Instead of death overtaking her, the universe poured in. She witnessed images of astounding beauty. A booming voice insisted “You are not dying!” Mazerov returned to a physical body that felt cramped and too small for the radiance she’d experienced. She returned to a world she couldn’t comprehend, requiring years of rehabilitation.
Through it all, Mazerov kept her vision alive. She maintains an abiding belief in the healing agency of beauty. She became a Buddhist and her practices inform her desire, and her ability, to embrace conventional reality with spaciousness and compassion.
The simultaneous presence of radiance with awareness of deep pain is key to her art. The beauty in Mazerov’s work is a recognition of illumination and emptiness. It is an offering by and for those who insist on light when despair seems the inescapable path.
To reference her signature luminosity, Mazerov plays with scale, focus and light.
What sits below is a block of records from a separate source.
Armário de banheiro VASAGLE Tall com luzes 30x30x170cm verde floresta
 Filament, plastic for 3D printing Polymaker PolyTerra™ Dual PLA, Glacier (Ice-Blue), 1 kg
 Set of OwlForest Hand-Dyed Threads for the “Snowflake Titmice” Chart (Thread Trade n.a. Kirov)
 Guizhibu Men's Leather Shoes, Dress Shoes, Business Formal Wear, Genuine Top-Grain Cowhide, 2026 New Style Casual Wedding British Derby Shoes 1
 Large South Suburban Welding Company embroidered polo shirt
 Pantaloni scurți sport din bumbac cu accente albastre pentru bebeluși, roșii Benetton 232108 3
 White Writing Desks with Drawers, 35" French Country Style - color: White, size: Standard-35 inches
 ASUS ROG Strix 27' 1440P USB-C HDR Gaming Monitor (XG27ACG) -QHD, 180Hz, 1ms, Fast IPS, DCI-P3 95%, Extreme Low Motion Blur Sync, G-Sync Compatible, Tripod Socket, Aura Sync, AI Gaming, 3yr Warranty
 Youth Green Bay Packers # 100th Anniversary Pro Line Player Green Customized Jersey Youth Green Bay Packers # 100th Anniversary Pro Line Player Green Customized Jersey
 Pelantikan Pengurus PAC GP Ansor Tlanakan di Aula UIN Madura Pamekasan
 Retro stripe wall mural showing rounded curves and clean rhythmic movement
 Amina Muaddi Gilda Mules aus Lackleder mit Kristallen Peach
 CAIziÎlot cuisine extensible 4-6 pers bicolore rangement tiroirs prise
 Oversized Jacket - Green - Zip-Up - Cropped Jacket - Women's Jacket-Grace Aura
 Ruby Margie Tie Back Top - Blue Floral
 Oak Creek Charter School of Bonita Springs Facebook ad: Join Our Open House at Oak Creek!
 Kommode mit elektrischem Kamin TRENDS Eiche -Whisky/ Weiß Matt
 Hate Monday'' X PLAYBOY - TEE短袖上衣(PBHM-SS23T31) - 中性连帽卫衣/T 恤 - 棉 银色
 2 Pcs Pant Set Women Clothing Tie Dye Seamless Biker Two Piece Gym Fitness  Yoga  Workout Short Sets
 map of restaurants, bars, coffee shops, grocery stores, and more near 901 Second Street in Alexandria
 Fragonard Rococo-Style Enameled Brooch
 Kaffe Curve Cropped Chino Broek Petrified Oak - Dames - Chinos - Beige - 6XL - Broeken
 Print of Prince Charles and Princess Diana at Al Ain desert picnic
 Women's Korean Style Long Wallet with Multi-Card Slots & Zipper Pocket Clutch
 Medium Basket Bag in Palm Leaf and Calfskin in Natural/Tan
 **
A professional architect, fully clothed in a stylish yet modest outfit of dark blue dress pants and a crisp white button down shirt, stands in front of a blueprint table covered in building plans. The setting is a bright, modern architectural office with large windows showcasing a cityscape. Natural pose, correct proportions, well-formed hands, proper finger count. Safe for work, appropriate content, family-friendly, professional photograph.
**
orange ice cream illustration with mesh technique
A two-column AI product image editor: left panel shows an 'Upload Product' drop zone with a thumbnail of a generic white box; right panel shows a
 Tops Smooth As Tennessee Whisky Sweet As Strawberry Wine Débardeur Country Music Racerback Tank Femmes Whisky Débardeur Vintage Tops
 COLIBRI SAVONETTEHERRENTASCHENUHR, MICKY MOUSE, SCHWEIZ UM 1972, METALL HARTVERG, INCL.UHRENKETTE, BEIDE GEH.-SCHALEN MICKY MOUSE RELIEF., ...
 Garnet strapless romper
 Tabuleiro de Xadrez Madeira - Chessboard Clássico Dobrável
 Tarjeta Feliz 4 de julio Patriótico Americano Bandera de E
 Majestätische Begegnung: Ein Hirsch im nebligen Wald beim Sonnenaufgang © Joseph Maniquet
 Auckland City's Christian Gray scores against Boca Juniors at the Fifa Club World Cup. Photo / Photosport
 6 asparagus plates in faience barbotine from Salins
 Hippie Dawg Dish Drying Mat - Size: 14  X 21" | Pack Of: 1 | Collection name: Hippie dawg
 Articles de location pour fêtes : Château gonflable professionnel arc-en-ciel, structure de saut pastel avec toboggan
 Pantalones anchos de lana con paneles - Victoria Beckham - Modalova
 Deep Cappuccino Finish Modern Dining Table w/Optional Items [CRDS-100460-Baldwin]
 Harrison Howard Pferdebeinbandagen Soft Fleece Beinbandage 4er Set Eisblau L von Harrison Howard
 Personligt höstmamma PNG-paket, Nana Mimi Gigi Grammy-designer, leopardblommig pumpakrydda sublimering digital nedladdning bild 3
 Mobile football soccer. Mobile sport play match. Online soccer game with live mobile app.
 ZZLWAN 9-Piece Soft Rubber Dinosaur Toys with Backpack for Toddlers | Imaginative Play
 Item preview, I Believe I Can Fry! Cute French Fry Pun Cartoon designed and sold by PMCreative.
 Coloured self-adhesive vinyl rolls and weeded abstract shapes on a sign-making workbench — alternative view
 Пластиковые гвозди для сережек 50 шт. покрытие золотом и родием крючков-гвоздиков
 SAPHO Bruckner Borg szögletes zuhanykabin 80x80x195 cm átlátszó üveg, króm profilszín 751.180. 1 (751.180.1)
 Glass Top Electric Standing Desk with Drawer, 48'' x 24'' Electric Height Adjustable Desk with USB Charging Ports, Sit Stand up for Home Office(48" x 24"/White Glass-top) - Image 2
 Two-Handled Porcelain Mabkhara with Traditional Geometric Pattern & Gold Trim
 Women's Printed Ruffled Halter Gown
To articulate her experience of an incandescent reality behind and beyond the world of appearances, she prints on translucent vellum and illuminates her images by hand-applying gold leaf.
Mazerov grows the flowers she photographs in her Santa Fe garden. Each carefully tended blossom unfolds in a relationship of reverence and communion. Every flower emanates the light of a deity.
Entering the images, and being enveloped by them, is an invitation to our essential nature and our inexhaustible source of invincible light.